Old playmates gear up at flash car bash
PLAYBOY’S MISS April 2012 is wearing a tight black satin bodice, a white pompom on her derriere and a pair of rabbit ears. “This is the first time I’ve had the chance to wear my bunny suit,” explains Raquel Pomplun. “It’s been made specially for me.”
Miss Pomplun is one of the star turns at a party co-hosted by Jaguar and Playboy. It’s at a private mansion overlooking the Pacific ocean, and some of America’s richest folk are in attendance. These are the ultra-affluent enthusiasts who, since 1950, have made the Pebble Beach Concours d’Elegance the most exclusive event in the automotive calendar.

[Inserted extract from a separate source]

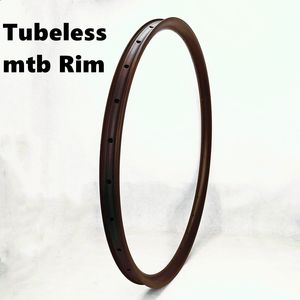 Wholesale tubeless bike wheels for sale - Group buy 33mm Width UD Glossy Matte Factory MTB Carbon Wheel Rim Asymmetric XC Wheel For Mountain Bicycle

Playboy and Jaguar are hoping to cash in on the cache of their history, and revamp their faded images in the modern world. Back in the 1950s and 1960s, both were the epitome of cool. Clark Gable drove a Jaguar XK120 and Steve McQueen had an XKSS, while Hugh Hefner had nude portraits of Marilyn Monroe and was at the vanguard of the sexual revolution. More recently, both brands have been accused of being stuck in the past, but both are now seeking to bounce back.
The XKR Convertible I drove here from San Francisco was one of the first acts of Jaguar’s renaissance. Styled by the genial Scot Ian Callum, it looked forwards as well as back. Originally launched in 2006, the XK has grown a few slats and spoilers over the years, but on California’s west coast, there’s no such thing as excess.
The Pebble Beach Concours d’Elegance takes place on the third Sunday of August, and crowns a long weekend of automotive nirvana. The action begins with “The Quail” on Friday. Tickets cost $450 (€356) each and are strictly limited – rumour has it that some are changing hands on Ebay for $2,000 (€1,585). The clientele are absurdly wealthy: a man from Gulfstream Jets reckons 80 per cent of people here have access to a private jet. He’s displaying Gulfsteam’s latest must-have toy for the rich and famous; it does Mach 0.90, costs $64.5 million (€51m) and is sold out until 2017.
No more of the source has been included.